When the job completes, you will see a new panel above with the title **Python Results**. You will also see 4 file links. Here `<filename>` is the name of the input file without its extension:

Filename | Description
:------------ | :-------------
`<filename>.gct` | the **input dataset** - the original dataset provided to the PCA analysis
`<filename>_u.odf` | the **principal components (u matrix)** - the original dataset, transformed into the coordinate system of the eigenvectors
`<filename>_t.odf` | the **eigenvectors (t matrix)** - the axes of the coordinate system oriented toward the directions of highest variability in the dataset
`<filename>_s.odf` | the **eigenvalues (s matrix)** - each entry in this matrix contains the amount of variance explained by the corresponding principal component

## 3. Visualize PCA results

We will visualize the first 3 principal components of the dataset. These correspond to the 3 axes of highest variance in the dataset, and when combined with a class labeling, can be used to determine how well-separated different classes of data are in the space of the principal components.

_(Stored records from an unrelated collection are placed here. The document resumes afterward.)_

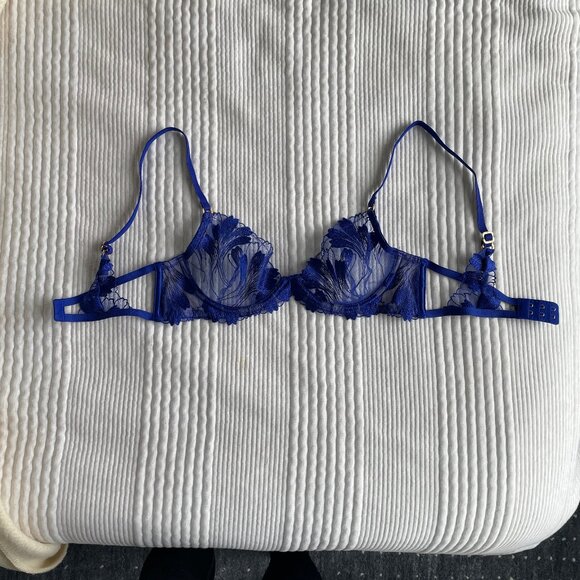 Bluebella Collette Sheer Bra in Electric Blue 30DD - Picture 4 of 8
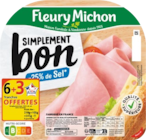 Jambon Simplement Bon -25 % sel - FLEURY MICHON - Lidl à Aix-en-Provence Jambon Simplement Bon -25 % sel - FLEURY MICHON en promo chez Lidl Aix-en-Provence à 3,18 €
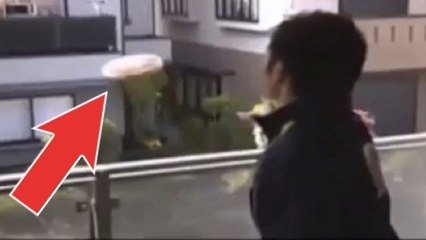 Ce pro du frisbee a réalisé une prouesse incroyable avec une pizza… Hallucinant !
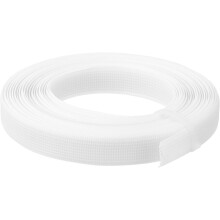 Boning for Sewing, 1Pcs 5 Yards 12mm - Polyester Sew-Through High-Density Corset Boning for Wedding Dress, Bridal Gown (White)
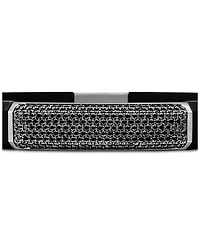 Men's Sterling Silver Streamline® Black Diamond Pavé Black Rubber Bracelet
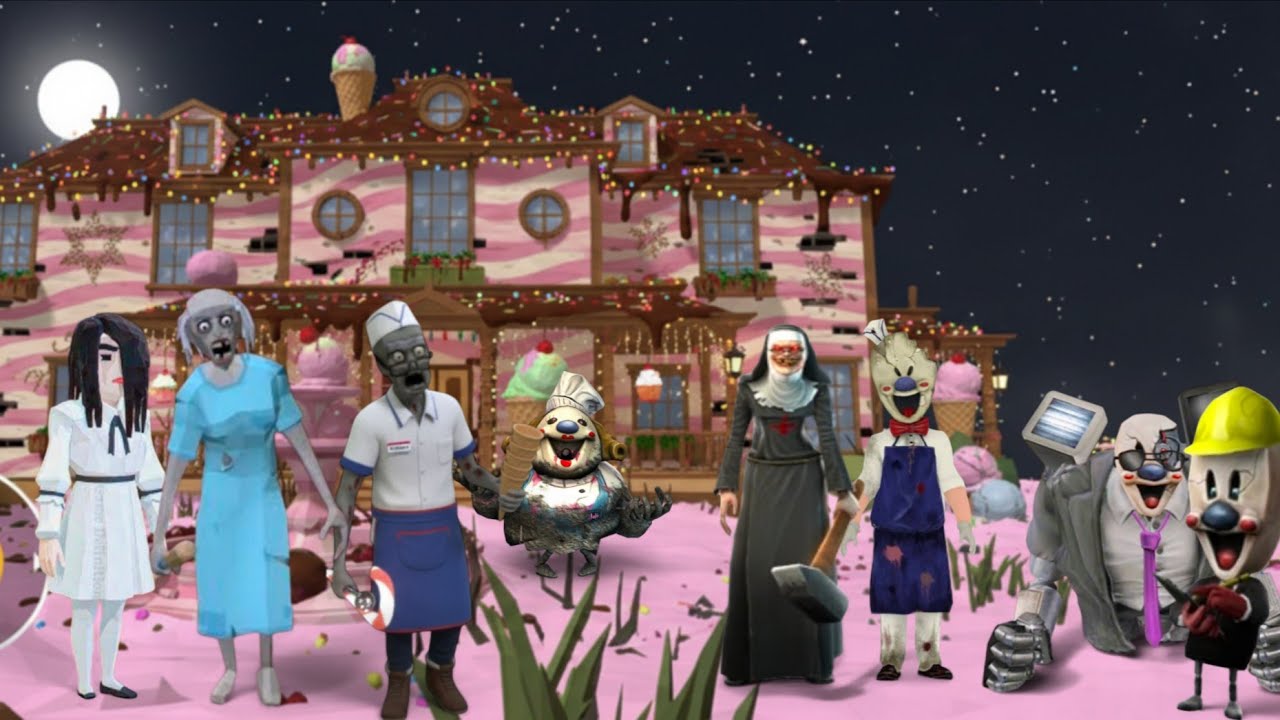 Mad Granny | Ice Cream 8 Full Gameplay | #RadhaGaming 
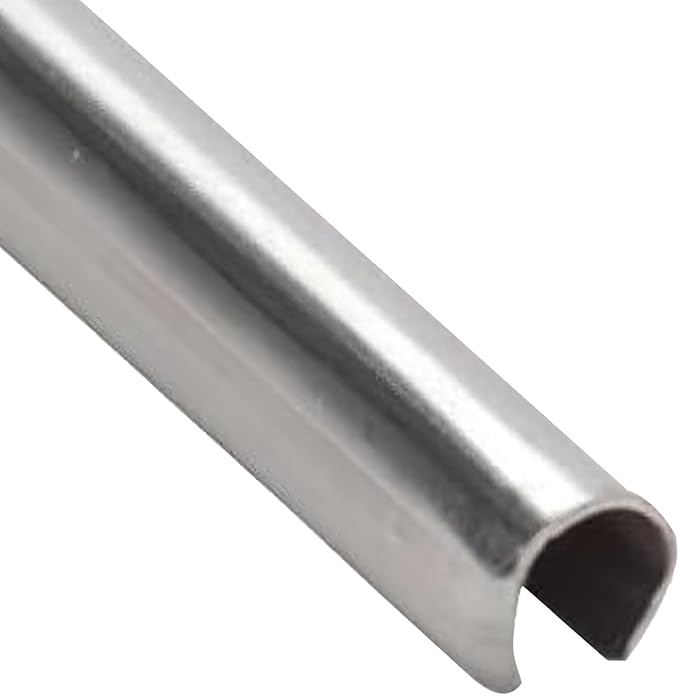 Snap On Repair Track Cover 1/4" for Sliding Patio Glass Doors | Sliding Door Repair Replacement Hardware Repair Stainless Steel | Fix Sliding Glass Door (2 Feet)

<div class="alert alert-info">
<p class="lead"> Instructions <i class="fa fa-info-circle"></i></p>

- Click **Run** in the cell below to load and initialize required packages
</div>

In [None]:
# Allow embedding of plots in the output cell of the notebook
#plotly.offline.init_notebook_mode() 

# Enable embedding matplotlib graphs in the notebook:
%matplotlib inline

@genepattern.build_ui(name="Load Required Libraries", 
                      description="Load requried libraries and initialize plotting packages", 
                      parameters={
                        "output_var":{"hide":True}
                    })

def setup():
    print("Libraries loaded")
    
#
# Convert GPFile object to Numpy array
#

def gp_matrix_odf_to_nparray(gp_file):
    
    # Get a reference to your session with the GP server
    gpserver = genepattern.session.get(0)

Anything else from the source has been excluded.